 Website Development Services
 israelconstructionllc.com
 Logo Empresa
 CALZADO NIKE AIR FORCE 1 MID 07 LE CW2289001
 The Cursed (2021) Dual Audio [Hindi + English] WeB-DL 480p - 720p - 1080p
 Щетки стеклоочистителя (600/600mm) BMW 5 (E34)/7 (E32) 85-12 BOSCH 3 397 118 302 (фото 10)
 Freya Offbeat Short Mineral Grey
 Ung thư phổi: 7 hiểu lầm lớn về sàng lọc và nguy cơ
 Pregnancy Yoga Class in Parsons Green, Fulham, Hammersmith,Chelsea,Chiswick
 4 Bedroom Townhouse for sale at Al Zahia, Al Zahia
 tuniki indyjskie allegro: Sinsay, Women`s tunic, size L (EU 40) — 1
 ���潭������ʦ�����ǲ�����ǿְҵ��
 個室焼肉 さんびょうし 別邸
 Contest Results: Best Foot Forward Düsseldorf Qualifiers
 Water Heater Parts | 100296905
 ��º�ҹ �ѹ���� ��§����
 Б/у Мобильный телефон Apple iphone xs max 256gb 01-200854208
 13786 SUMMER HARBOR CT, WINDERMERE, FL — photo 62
■ ■ ■ ■ ■
**What to work on**
Copy exactly the lines that run from the one with "Contest Results: Best" to the last line of the material, including both.

**Solved exercise**
 Contest Results: Best Foot Forward Düsseldorf Qualifiers
 Water Heater Parts | 100296905
 ��º�ҹ �ѹ���� ��§����
 Б/у Мобильный телефон Apple iphone xs max 256gb 01-200854208
 13786 SUMMER HARBOR CT, WINDERMERE, FL — photo 62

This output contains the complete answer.